Key new contributions in this book include expanded material on turbojet and ramjet propulsion, and integration of these considerations into the design process. The book also includes new material on non-tactical missiles and missile defense considerations. Unlike other books in this genre that focus solely on design or performance evaluation, Fleeman integrates modern synthesis and sizing methods with the black art of missile design. He introduces simple systems engineering tools like the "House of Quality" but also touches on more advanced concepts including design-of-experiments, simulation tools, and multi-variable optimization. He also addresses the acquisition process (third gulp!?) and briefly discusses the history of major missile programs and their evolution through time.

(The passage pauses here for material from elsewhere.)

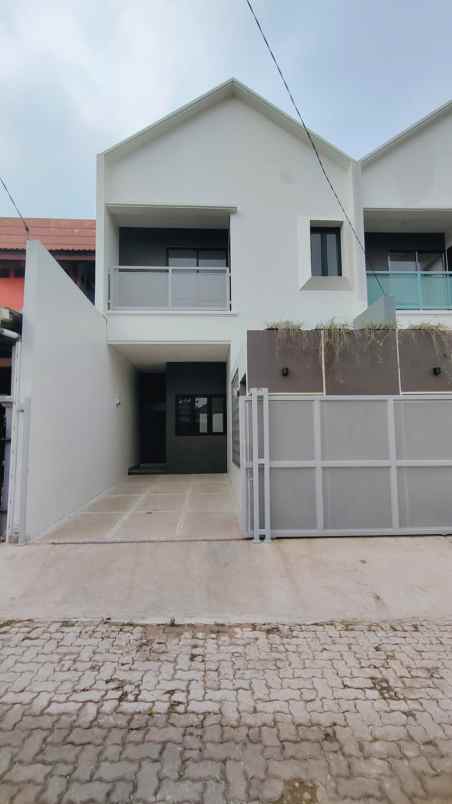 dijual rumah komplek bukit nusa indah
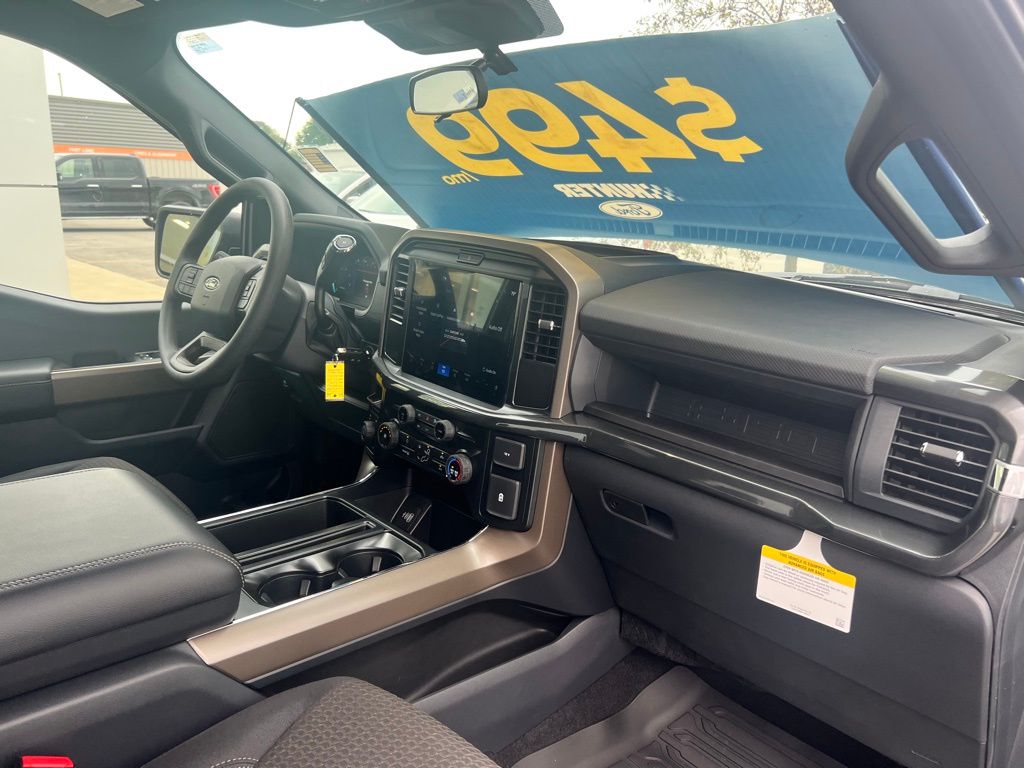 2025 Ford F-150 STX photo 15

The book also introduces the somewhat kitschy but wildly popular "soda straw rocket" design process. While it seems like an exercise for kids, it's actually remarkably hard to design a soda straw rocket that flies straight... and you actually have to apply design principles (for example, working out the aerodynamics and center of gravity) to make the thing even get off the launcher. It's a wonderful capstone exercise for those of us that don't have the budget to build our own Tomahawk.
My tongue-in-cheek summary: if you are a "good guy" or "ally" and considering buying and using this excellent and detailed book, please do so. If you consider yourself a "bad guy" or "Bond Villain" bent on world domination, you should really skip this and read "Harry Potter" instead.
"Missile Design and Systems Engineering" is the new one-stop shop for missile engineering, emergent missile design programs at technical universities, and short courses/continuing education on missile design.